The starlings in Strange Birds are an invasive species, propagating uncontrollably until they overwhelm the fragile eco-system of the marshland. Eventually the sea overwhelms the world constructed by these strange birds, erasing all evidence of their presence, leaving just the water and a great blue heron who has acted as a kind of observer of the antics of the birds who settled in its ecosystem. These avatars reflect two aspects of the artist, and through his vision, we viewers can slip into his world, one which eerily mirrors our own.
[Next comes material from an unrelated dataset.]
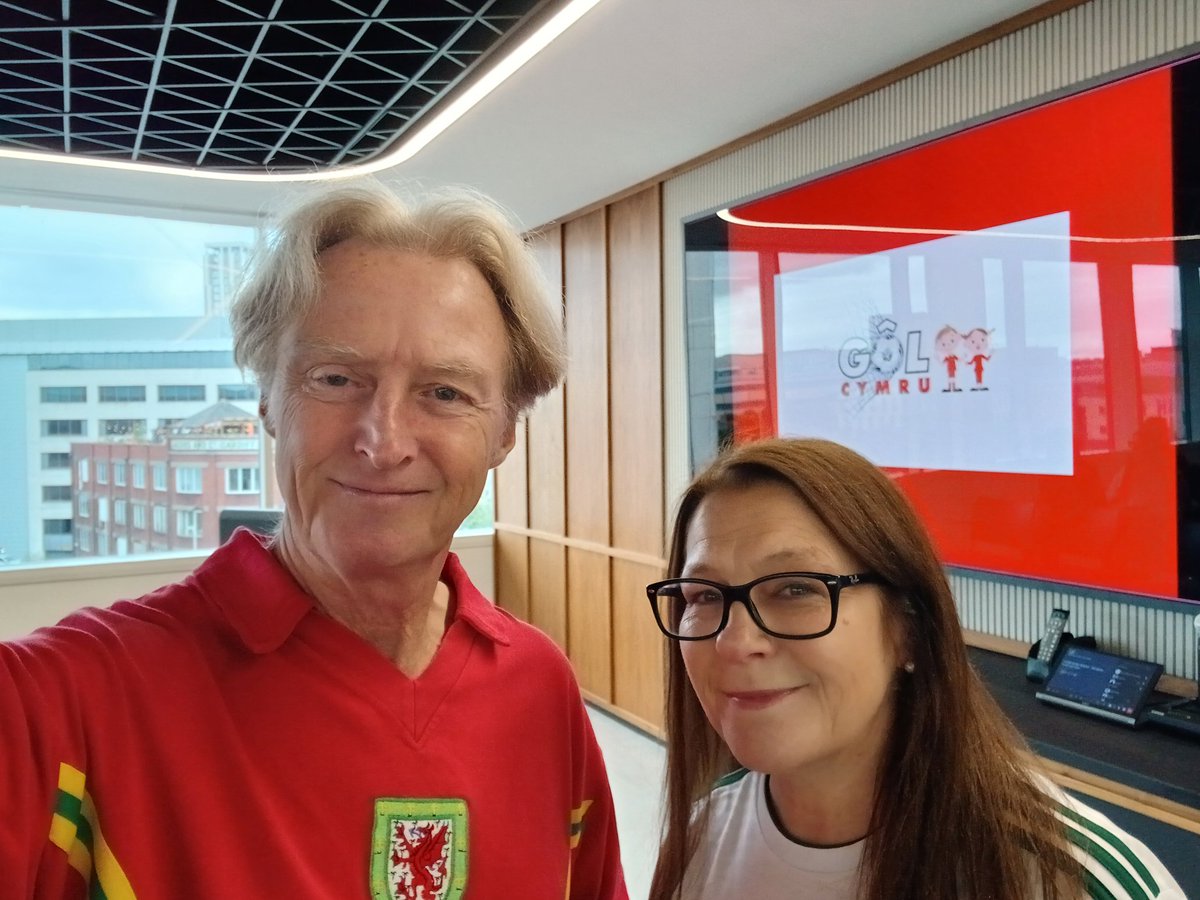 Gôl Cymru (@golcymru) on Twitter photo Mawr ddiolch i Nicola a phawb am y croeso ac am eich diddordeb yn ein gwaith.
Great talking to <a href="/ESgloballaw/">Eversheds Sutherland</a> in #Cardiff about the Red Wall's children's charity. Thanks for the donation towards our work. #TogetherStronger Mawr ddiolch i Nicola a phawb am y croeso ac am eich diddordeb yn ein gwaith.
Great talking to <a href="/ESgloballaw/">Eversheds Sutherland</a> in #Cardiff about the Red Wall's children's charity. Thanks for the donation towards our work. #TogetherStronger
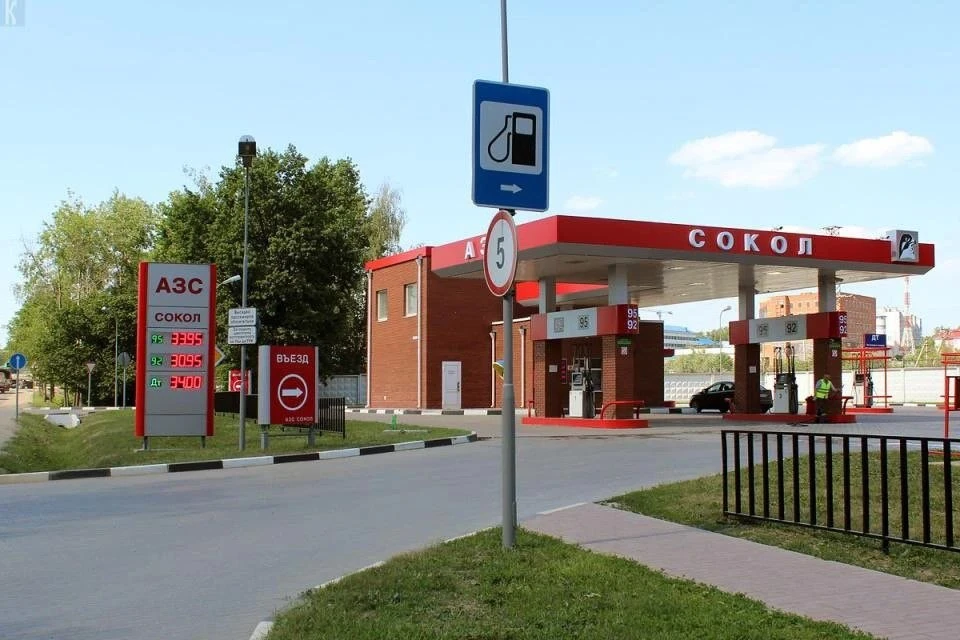 АЗС Сокол на улице А.Монаховой в Коммунарке. 2013-2014гг. В настоящее время Эверон.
For the past 20 years, Graeme Patterson has been creating immersive multi-media installations featuring stop-motion animated/hybrid live action narratives that explore place, memory, and the human condition. These 3 videos are each an integral part of Graeme’s 3 large bodies of work which include Woodrow, Secret Citadel, and Strange Birds. As a programmed collection they reveal the evolution of the artist’s technical and world building process. They also represent a common thread within Graeme’s practice. All three pieces feature a pair of characters, all of which represent animals in some form. The complexity of these characters technically and conceptually deepens from one project to the next. This includes the nature of their relationship and their metaphorical purpose. There is playful simplicity to Monkey and Deer that acts like a classic animation, where Strange Birds presents as visual poetry with its cyclical narrative and slow-paced demeanor. All 3 videos are also accompanied by the artist’s own music which has evolved through each body of work. Often this is an under acknowledged component within Graeme’s practice but plays an extremely important role in creating an intended mood for his narratives.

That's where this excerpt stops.